В нем участвовали узники всех шести отделений особорежимного Горного лагеря. «Особенностями» бесчеловечно жестокого режима были вшитые на всей одежде заключенных номера, решетки на окнах, замки, запиравшие на ночь бараки и по сути превращавшие жильё в тюремную камеру, запреты на письма (разрешалось писать лишь два письма в год), длиннейший трудовой день на самых тяжелых и грязных работах, к которым принуждали даже инвалидов и несовершеннолетних — «на материк» их не вывозили, издевательства надзирателей и охраны.
После столь долгожданной Победы в Великой Отечественной за колючей проволокой на родной земле оказались бывшие военнопленные, окруженцы, партизаны, узники фашистских концлагерей, жители оккупированных немцами территорий, вывезенные на работу в Германию, — так называемые остарбайтеры, а также арестованные в Европе беженцы из Советской России и иностранцы, вовсе не имевшие советского подданства. Большинство из них было осуждено «по подозрению в связях...» или «за намерение совершить, сотрудничать...» и т. д., то есть ни за что. Заклейменные ярлыками «изменников Родины», «власовцев», «бандеровцев», «националистов», они годами безуспешно добивались пересмотра своих дел.

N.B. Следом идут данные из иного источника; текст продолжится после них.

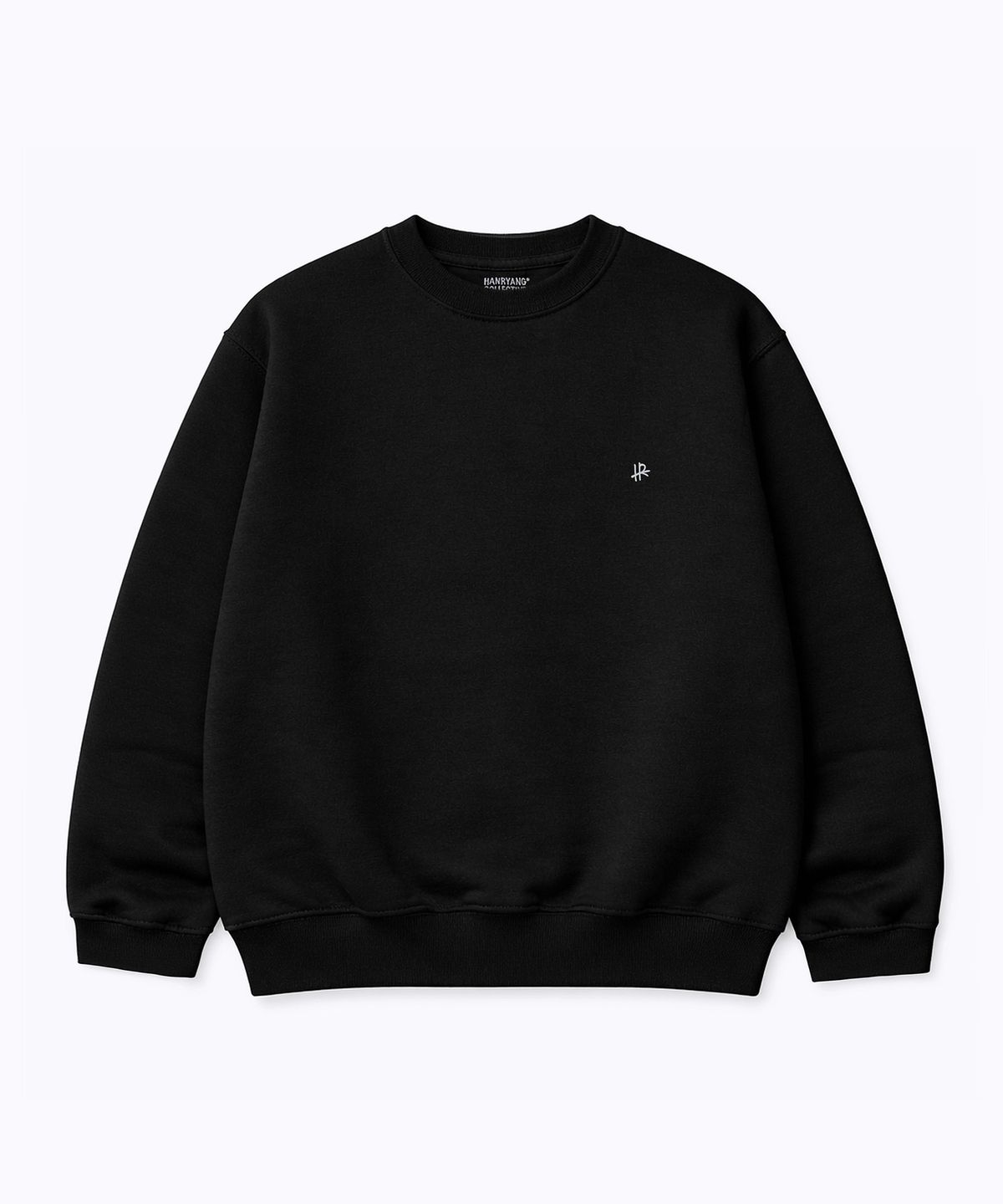 한량 컬렉티브(HANRYANG COLLECTIVE) HR HORAENG HAND CREW SWEAT BLACK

И, наконец, терпение лопнуло: политзаключенные отказались выходить на работу. Эту забастовку и назвали «норильским восстанием 1953 года», хотя оружия лагерники не имели, более того — добровольно отказывались от различных попыток вооружить их. Это было в полном смысле слова «восстание духа», потому что задумать и организовать массовое сопротивление в условиях многолетнего угнетения, абсолютного бесправия политзаключенных, под дулами автоматов и гигантским прессом системы подавления личности было чрезвычайно трудно.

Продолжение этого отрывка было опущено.